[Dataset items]
______________________________

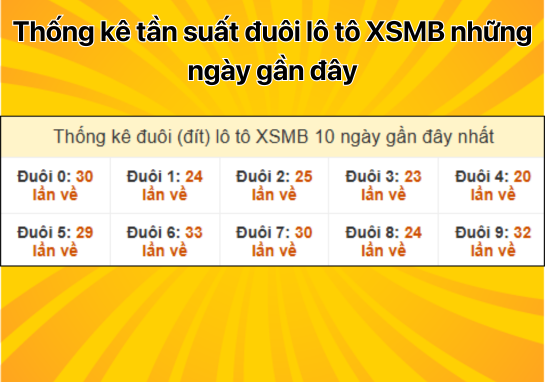 Dự đoán XSMB 16/12 - Dự đoán xổ số miền Bắc 16/12/2024 miễn phí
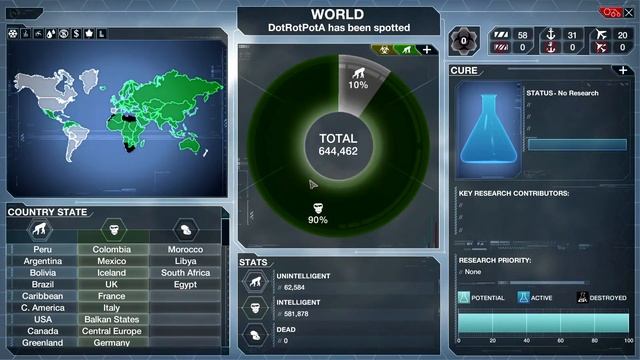 Plague Inc. Evolved - Simian Flu Walkthrough (Mega Brutal)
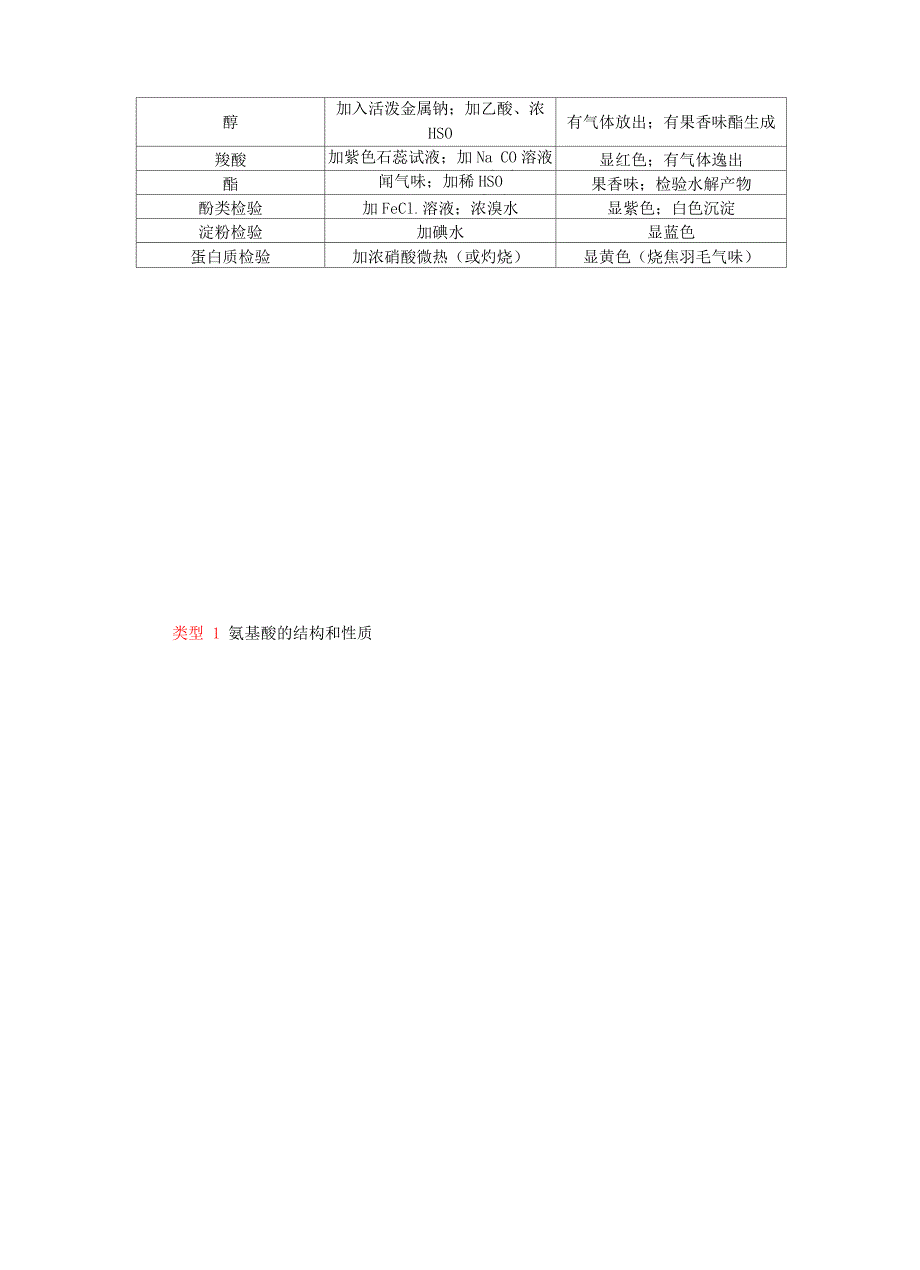 蛋白质和核酸_第4页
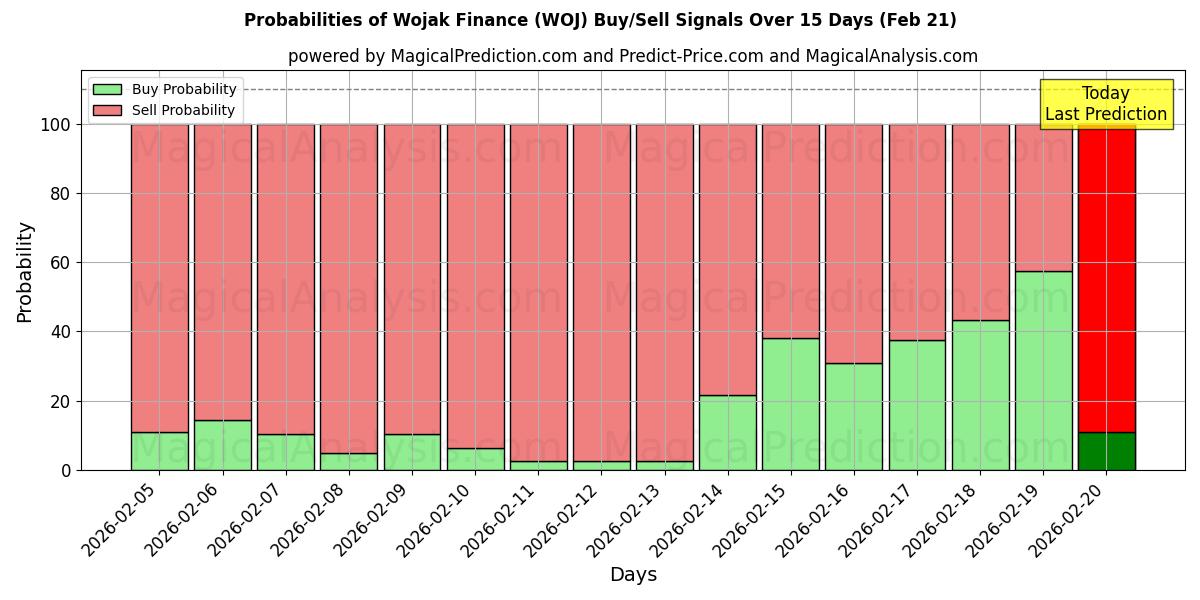Probabilities of Wojak Finance (WOJ) Buy/Sell Signals Using Several AI Models Over 5 Days (21 Feb) 
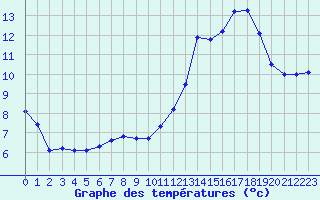 Courbe de tempratures pour Cabestany (66)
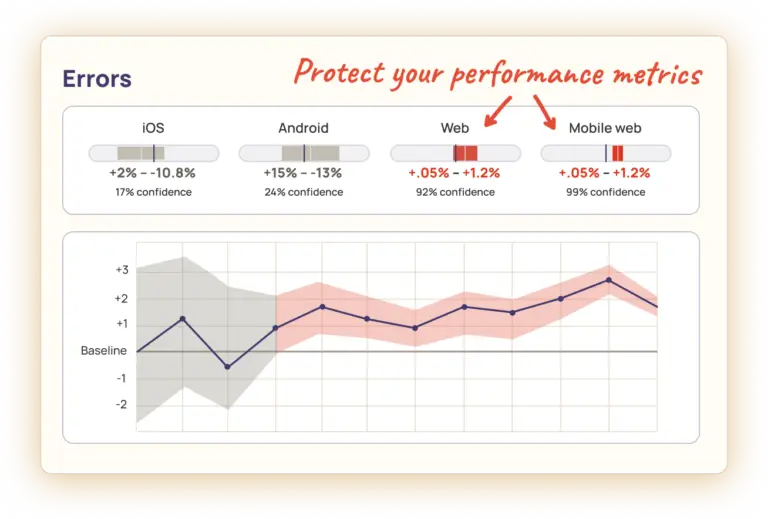 Painel de métricas de performance do ABsmartly
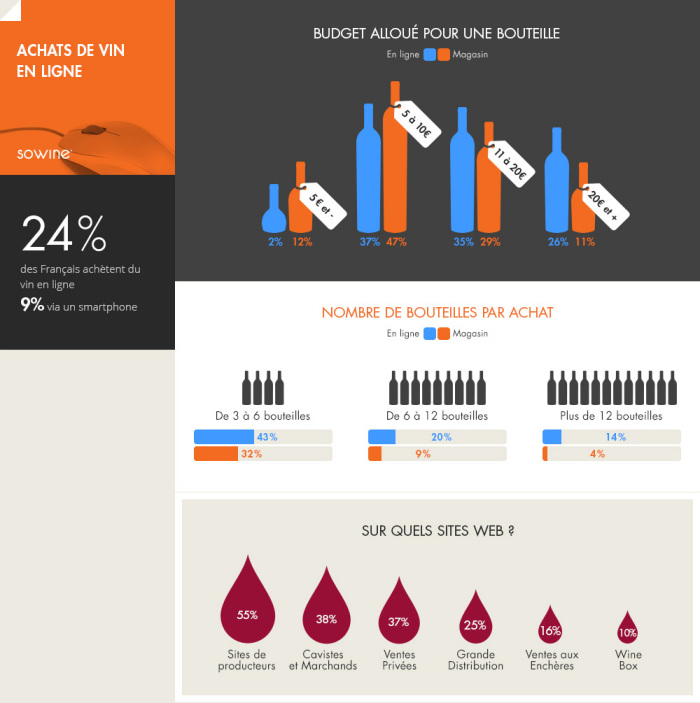 vente-de-vins-en-ligne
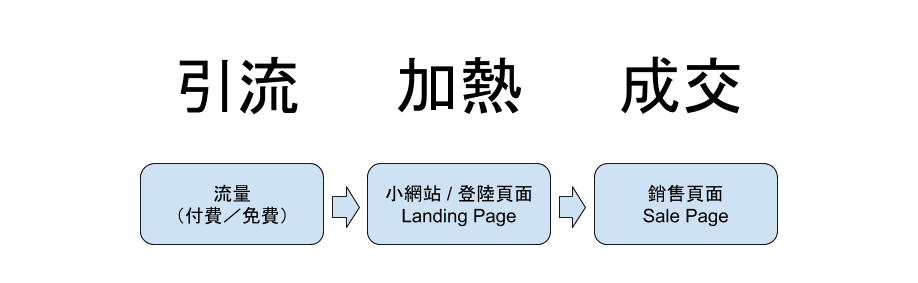 ClickBank Flow (1) ClickBank 賺錢攻略 – 從零開始新手教學 | 聯盟行銷 | Affiliate Marketing, ClickBank, 新手, 聯盟行銷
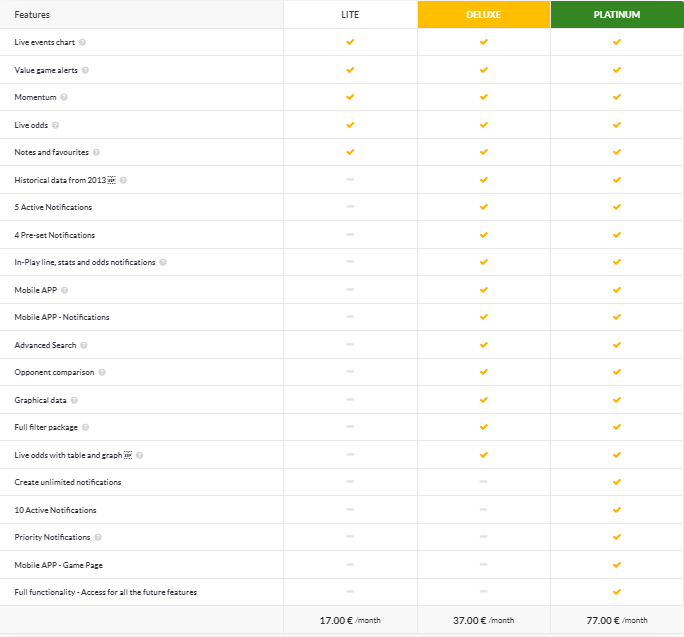 statisticsports pricing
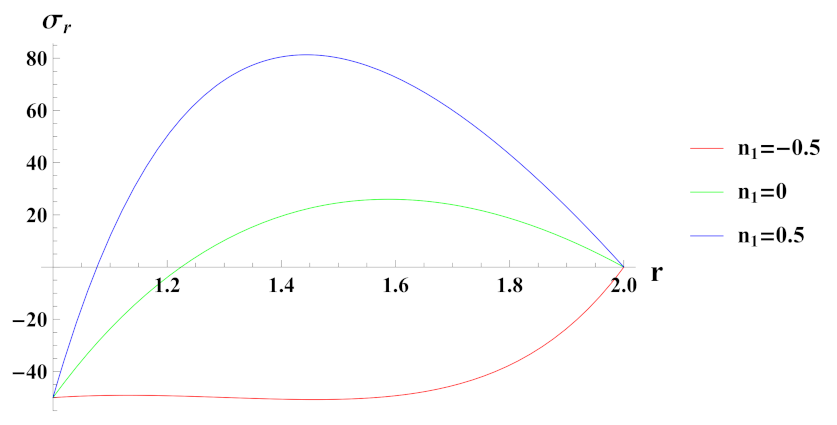 Materials 15 01803 g003 Materials 15 01803 g003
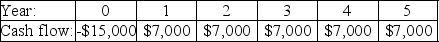 <strong>Investment A:   Investment B:   Investment C:   Investment D:   Investment E:   The cash flows for three projects are shown above.The cost of capital is 7.5%.If an investor decided to take projects with a payback period two years or less,which of these projects would he take?</strong> A)Investment A B)Investment B C)Investment C D)Investment D E)Investment E <div style=padding-top: 35px> 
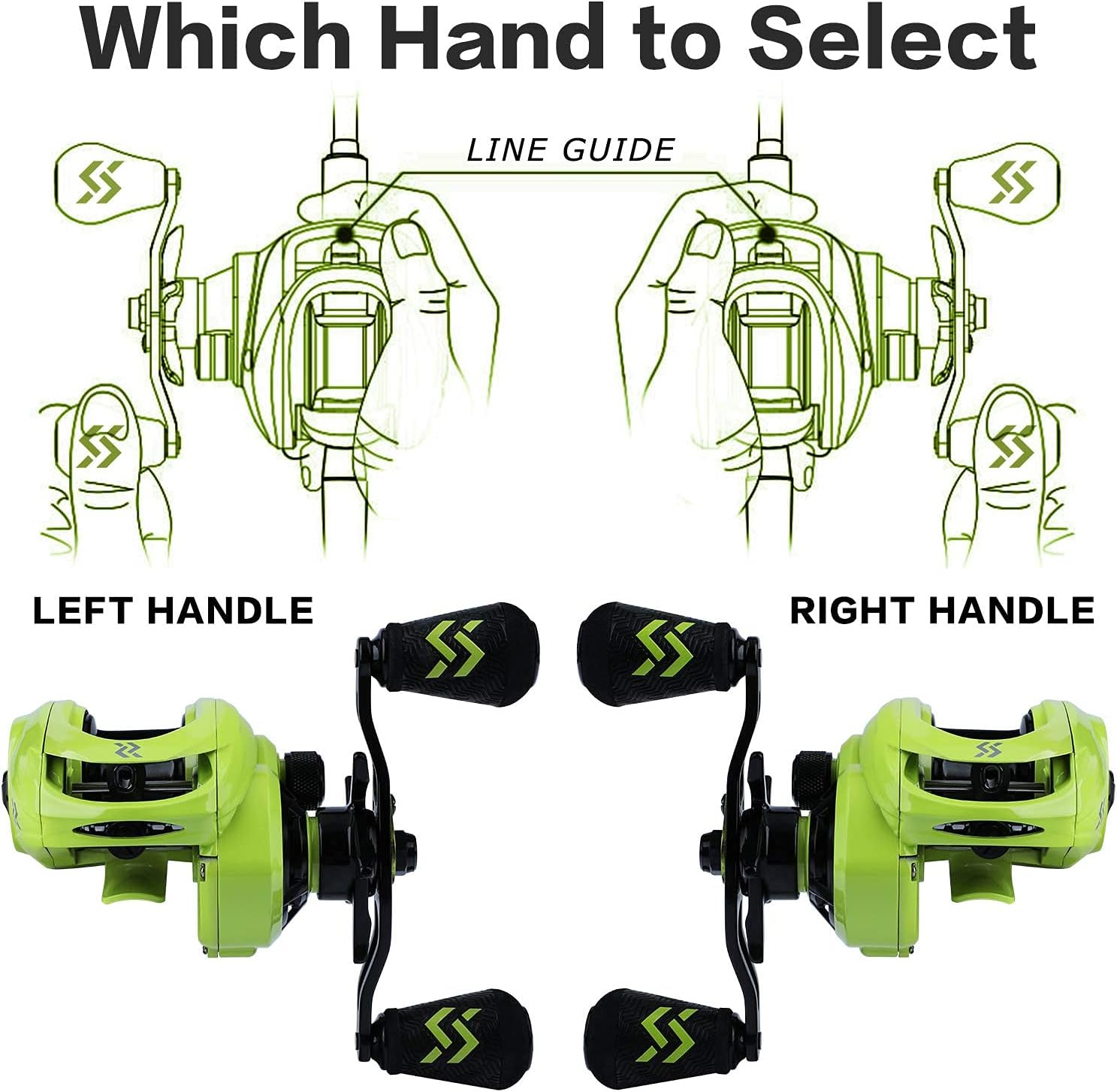 Sougayilang Fishing Baitcasting Reels, 8:1 Gear Ratio Super Smooth Baitcast Reel with Magnetic Braking System, 9 + 1 Ball Bearings Anti-Corrosion Baitcaster Reel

______________________________

Output nothing but the entries above, exactly, once the pictures are removed.

 Dự đoán XSMB 16/12 - Dự đoán xổ số miền Bắc 16/12/2024 miễn phí
 Plague Inc. Evolved - Simian Flu Walkthrough (Mega Brutal)
 蛋白质和核酸_第4页
Probabilities of Wojak Finance (WOJ) Buy/Sell Signals Using Several AI Models Over 5 Days (21 Feb) 
 Courbe de tempratures pour Cabestany (66)
 Painel de métricas de performance do ABsmartly
 vente-de-vins-en-ligne
 ClickBank Flow (1) ClickBank 賺錢攻略 – 從零開始新手教學 | 聯盟行銷 | Affiliate Marketing, ClickBank, 新手, 聯盟行銷
 statisticsports pricing
 Materials 15 01803 g003 Materials 15 01803 g003
 <strong>Investment A:   Investment B:   Investment C:   Investment D:   Investment E:   The cash flows for three projects are shown above.The cost of capital is 7.5%.If an investor decided to take projects with a payback period two years or less,which of these projects would he take?</strong> A)Investment A B)Investment B C)Investment C D)Investment D E)Investment E <div style=padding-top: 35px> 
 Sougayilang Fishing Baitcasting Reels, 8:1 Gear Ratio Super Smooth Baitcast Reel with Magnetic Braking System, 9 + 1 Ball Bearings Anti-Corrosion Baitcaster Reel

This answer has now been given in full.